_What is needed_
All of the listing should be returned as written, apart from any picture in it.

--- Dataset section Enclosed Below ---

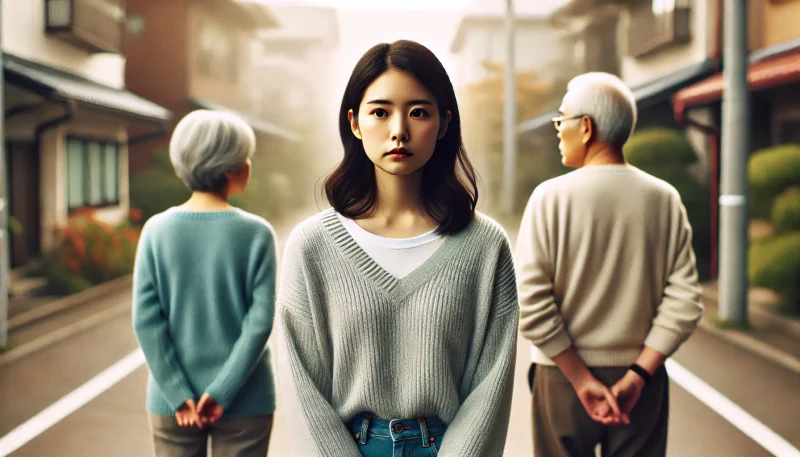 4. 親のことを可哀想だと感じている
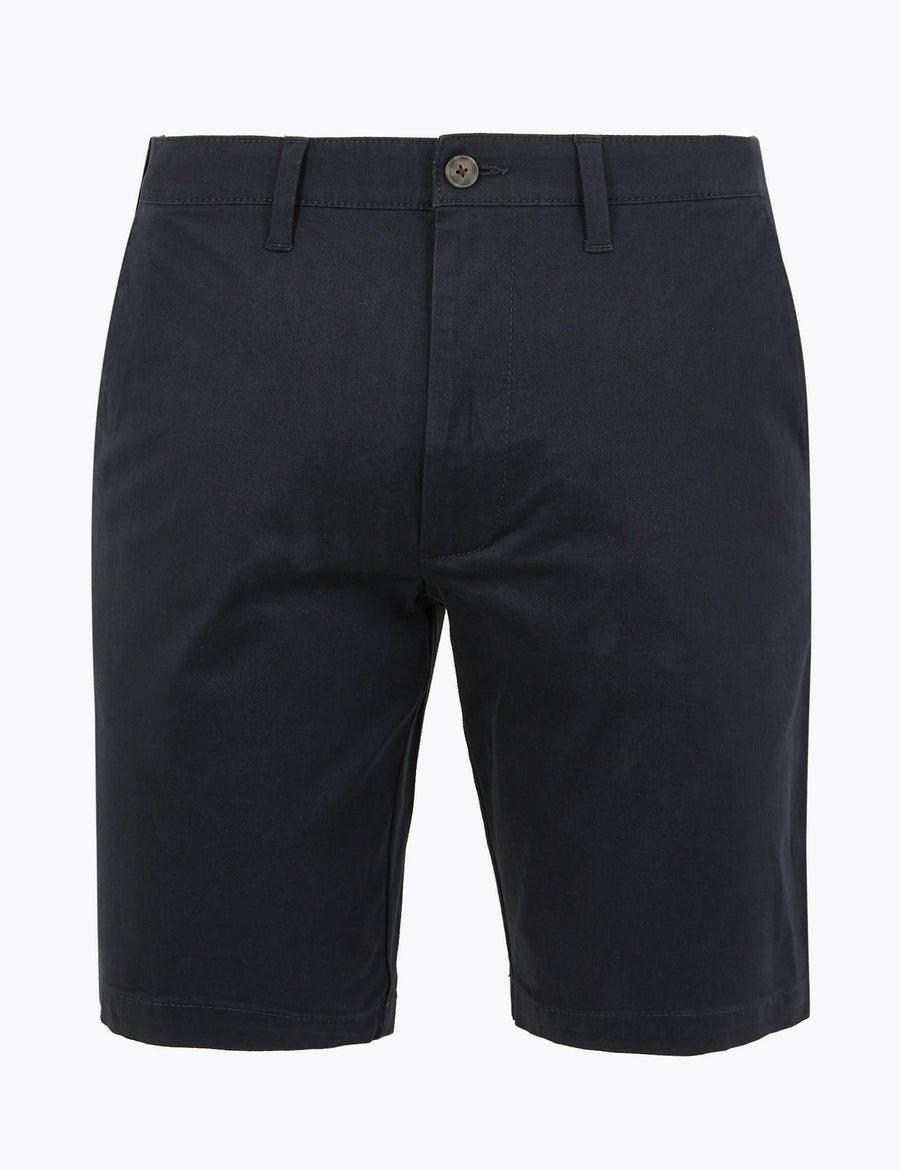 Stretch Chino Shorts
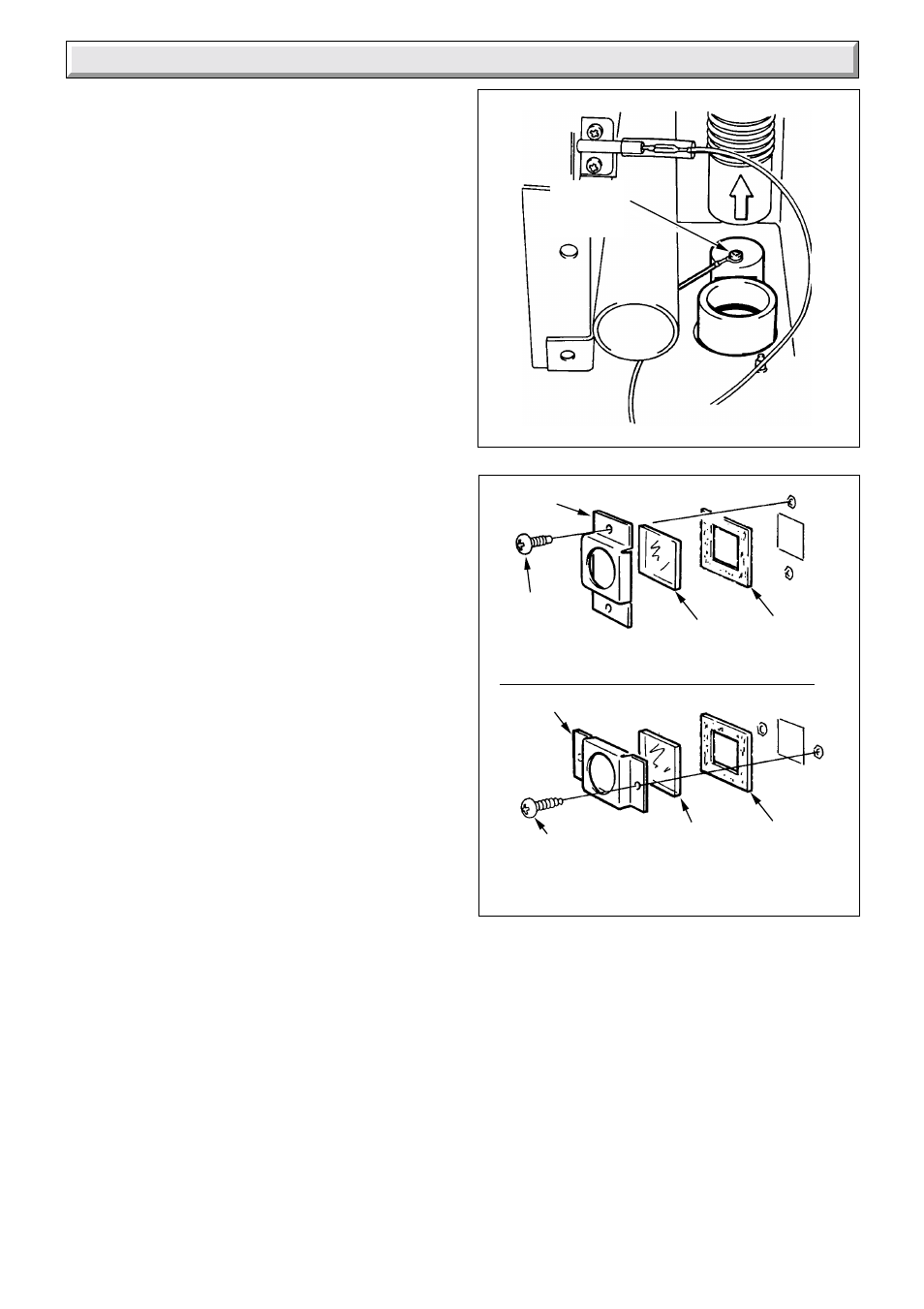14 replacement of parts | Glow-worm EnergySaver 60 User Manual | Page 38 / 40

--- End of Enclosed Dataset section ---

_Solution to the exercise_
 4. 親のことを可哀想だと感じている
 Stretch Chino Shorts
14 replacement of parts | Glow-worm EnergySaver 60 User Manual | Page 38 / 40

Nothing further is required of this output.